In the chaos of the present moment, when most so-called art professionals are occupied with just looking clever, and amateurs are simply buying into the game in droves, dabbling global gurus like Jones/Da can foist themselves right to the top, and apparently be taken seriously without any questions. Who cares that the pictures are just the overblown computer doodles of a megalomanical self-declared savior, production costs paid for by foolish former Hippie tithers? Who can even even be bothered to notice in the senseless crush of it all? “Geometric shapes in bright colors on aluminum panels (all real art is on aluminum panels now), statements about spirituality – hmm, must be related to Kandinsky…ok, works for me. How much?” This travesty raises interesting questions about the nature of art, and spirituality: where do they converge? Can they? Should they? Also, it directs our attention to numbers of ways the art system itself works, with all of its hidden mechanisms and rules – and the ways it’s simply busted to hell.

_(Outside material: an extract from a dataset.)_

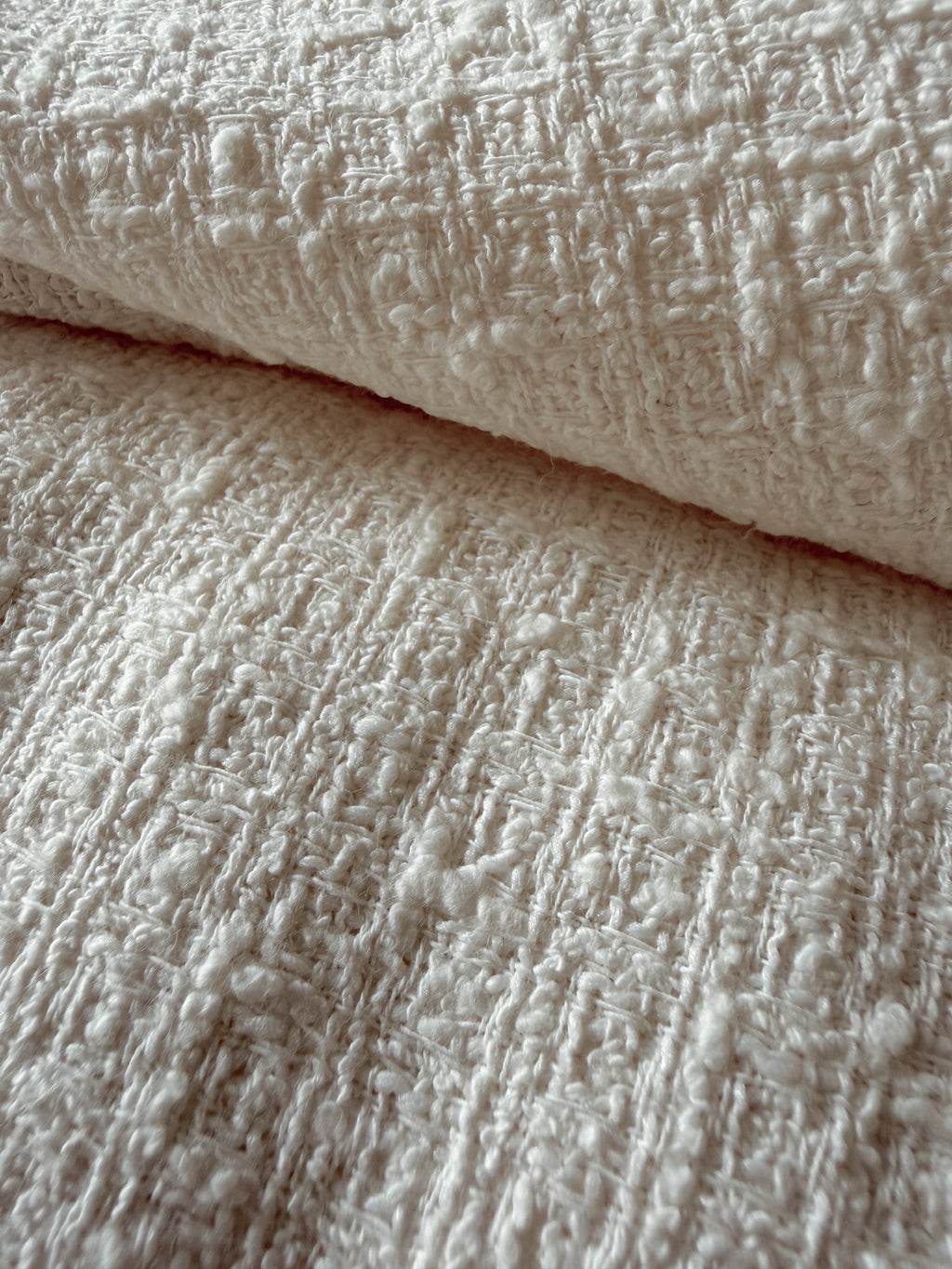 Bouclé tweed cotton viscose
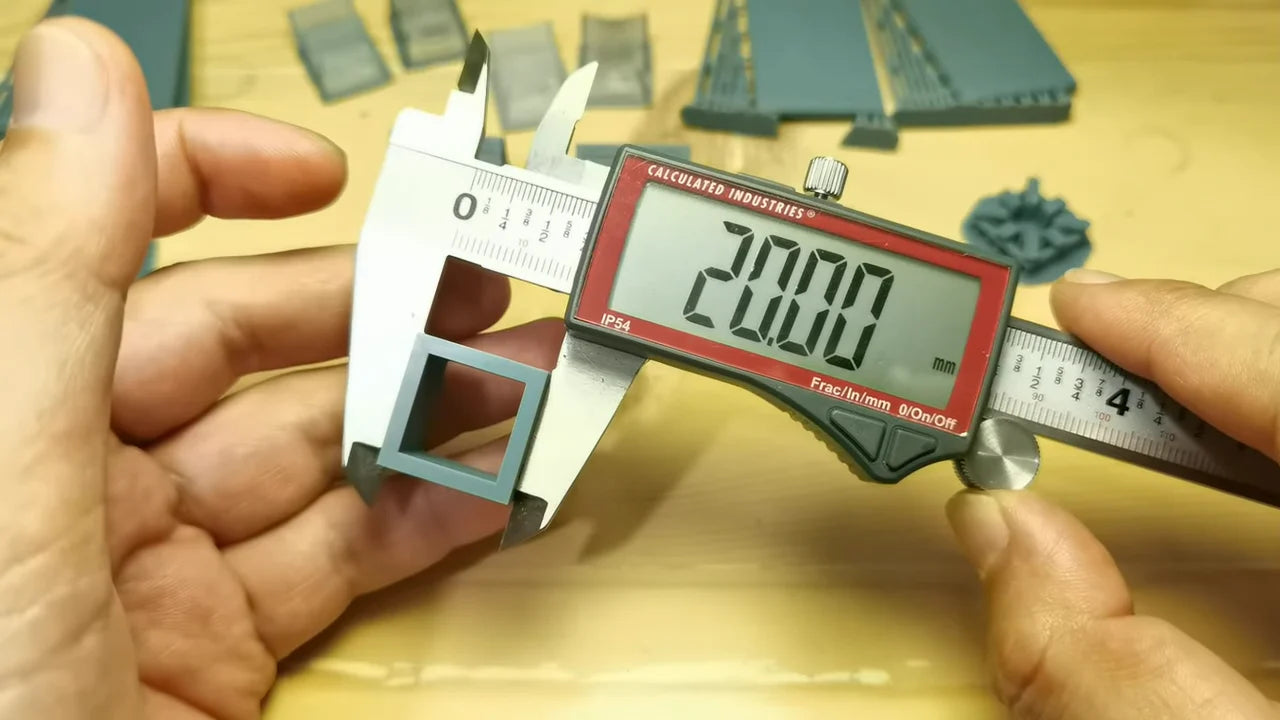 Sonic Mini 8K S 列印的模型尺寸精度測試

Culturally, socially, politically we are at
an apocalyptic crossroads. We realize the desperate need for better models, that
give our interiors and myriad selves full due, while better recognizing the limitations of material
satisfaction and pleasure, for ourselves, and this stressed planet. Naturally, many now look to the East and its spiritual
technologies. It has become clear how unprepared many in the first
generation were to gracefully or wisely incorporate and integrate them, to discern
and recognize their own mistakes, foibles, and confusion. Some still
just carry on, further and further into madness and dismissability, fed by
the adulation of cultic followers, and that uncanny glowing book-blurb industry. Waking up isn’t so hard. The trick of incorporating real insight into a socially
relevant program and lifeway is at this stage much more so. The
glorious disaster of one Franklin Jones is a spectacular demonstration.

4 comments

4 comments

Trungpa Ricochet July 29, 2008 - 14:05

Good points made, Titus, and good humor at the expense of a charlatan. I would add that perhaps many in the art community could learn something from a similar point of view regarding art…that is: trust yourself. You yourself are the best authority. There are no gurus. Of course there are people whose opinions are more ably and more forcibly stated than others. That doesn’t necessarily make them any more “correct”. Art fills a hole in the lives of many people. Part of that hole was made by the loss of the authority of religion. How many collectors do you know who really trust themselves when they buy a work of art? How many collectors wait in the wings until some level of safety in the reputation of an artist has been achieved? For that matter, how many artists trust themselves?

Reply
tobrienwriter July 29, 2008 - 15:28

for some nice points. I’ve been thinking that same thing – trust yourself. I love Agnes Martin’s comments regarding that, that I posted a couple weeks back. Isn’t that THE issue, for everybody? We just don’t so often, for whatever reason…
the Zen teachers I studied with that I thought most highly of just made people believe inherently in themselves, not the teacher, or the Buddha, or god, or who/whatever. And yet, I found much of the instruction incredibly helpful. Teachers are necessary, for artists, and buddhas.
and btw, love your tag.

Reply
Malkooth July 29, 2008 - 22:54

Great piece Titus. Maybe you could add a running list of the accomplished who become artists. I for one missed Farah Fawcett on the list of Bowie, Bennett and Dylan.

Reply
Malkooth July 30, 2008 - 19:20

So is ‘integral’ a genre?

I’d like to hear more about Alex Grey from you? Illustrator extraordinaire?